Warm tip: This article is reproduced from serverfault.com, please click

XSLT copy elements from one file to another matching two conditions

发布于 2020-11-27 23:26:53

pretty basic question here. I am trying to write an XSLT to copy over elements (<w>) into a file (from another file) if the <w>s match on two parameters:

  • @lemma must match in both elements and
  • text() must match for the first <m> element of the target and the full <w> in the source (even if it is across several <m>s.

If either parameter doesn't match, then the <w> should remain unmodified.

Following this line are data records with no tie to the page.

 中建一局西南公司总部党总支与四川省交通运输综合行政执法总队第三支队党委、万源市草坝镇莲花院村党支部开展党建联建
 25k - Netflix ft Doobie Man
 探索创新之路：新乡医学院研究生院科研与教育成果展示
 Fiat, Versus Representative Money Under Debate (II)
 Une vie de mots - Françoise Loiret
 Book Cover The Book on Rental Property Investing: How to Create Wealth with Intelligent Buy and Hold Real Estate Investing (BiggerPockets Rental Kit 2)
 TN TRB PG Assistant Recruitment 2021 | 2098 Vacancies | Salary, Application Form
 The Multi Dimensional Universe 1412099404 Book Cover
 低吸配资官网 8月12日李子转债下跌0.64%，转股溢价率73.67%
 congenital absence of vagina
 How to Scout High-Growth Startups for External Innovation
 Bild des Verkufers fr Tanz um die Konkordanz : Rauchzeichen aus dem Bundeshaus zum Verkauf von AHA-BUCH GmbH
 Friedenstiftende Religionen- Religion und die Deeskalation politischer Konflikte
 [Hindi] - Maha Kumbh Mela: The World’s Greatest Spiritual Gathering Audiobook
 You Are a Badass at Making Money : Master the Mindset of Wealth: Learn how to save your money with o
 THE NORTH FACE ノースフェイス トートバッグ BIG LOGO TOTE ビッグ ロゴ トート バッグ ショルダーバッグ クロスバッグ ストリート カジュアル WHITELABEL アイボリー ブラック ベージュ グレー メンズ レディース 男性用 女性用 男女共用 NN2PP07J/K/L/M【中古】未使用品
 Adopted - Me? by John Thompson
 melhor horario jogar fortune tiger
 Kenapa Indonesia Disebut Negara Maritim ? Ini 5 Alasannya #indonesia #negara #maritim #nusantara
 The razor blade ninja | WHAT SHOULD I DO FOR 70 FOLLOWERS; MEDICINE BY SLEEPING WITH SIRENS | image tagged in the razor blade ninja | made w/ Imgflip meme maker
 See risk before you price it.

Here is a sample file to be modified.

    <?xml version="1.0" encoding="UTF-8"?>
  <text>
    <w lemma="FishCake" corresp="1"><m baseForm="FishCake">FishCake</m></w>
    <w lemma="FishCake" corresp="1"><m baseForm="FishCake">FishCake</m><m baseForm="FishCake">FishCake</m></w>
    <w lemma="FishCake" corresp="1"><m baseForm="FishCake">FishCake</m><m baseForm="s">s</m></w>
    <w lemma="FishCake" corresp="1"><m baseForm="FishC">FishC</m><m baseForm="ake">ake</m></w>
    <w lemma="cat" corresp="1"><m baseForm="dog">dog</m></w>
    <w lemma="dog" corresp="1"><m baseForm="cat">cat</m></w>
    <w lemma="dog" corresp="1"><m baseForm="dog">dog</m></w> 
    <w lemma="dog" corresp="1"><m baseForm="dog">dog</m><m baseForm="cat">cat</m></w>
   </text>

Here is a sample file with elements to be copied over (source.xml)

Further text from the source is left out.